> [EXERCISE GOAL]: Reproduced exactly, the lines from the start of the material through the line containing "Disney's Mickey Mouse" should be the whole answer, with pictures excluded.

> [DATASET EXTRACT]:

───

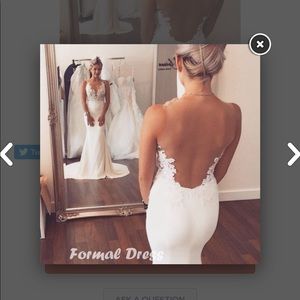 White lace round neck slim long mermaid dress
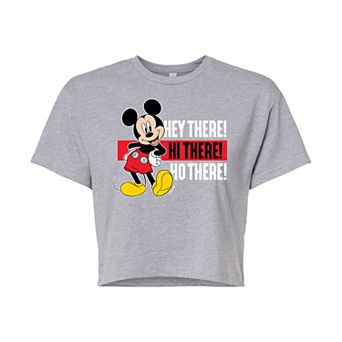 Disney's Mickey Mouse & Friends Juniors' Mickey Hey There Cropped Graphic Tee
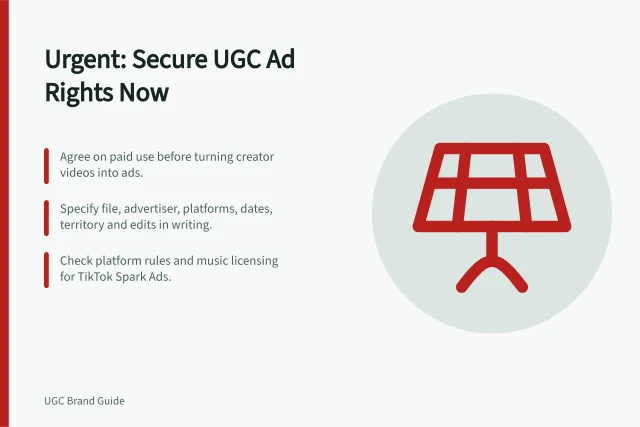 Urgent: Secure UGC Ad Rights Now: Agree on paid use before turning creator videos into ads.; Specify file, advertiser, platforms, dates, territory and edits in writing.; Check platform rules and music licensing for TikTok Spark Ads. Agreeing on paid advertising rights for UGC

───

> [EXERCISE OUTPUT]:
 White lace round neck slim long mermaid dress
 Disney's Mickey Mouse & Friends Juniors' Mickey Hey There Cropped Graphic Tee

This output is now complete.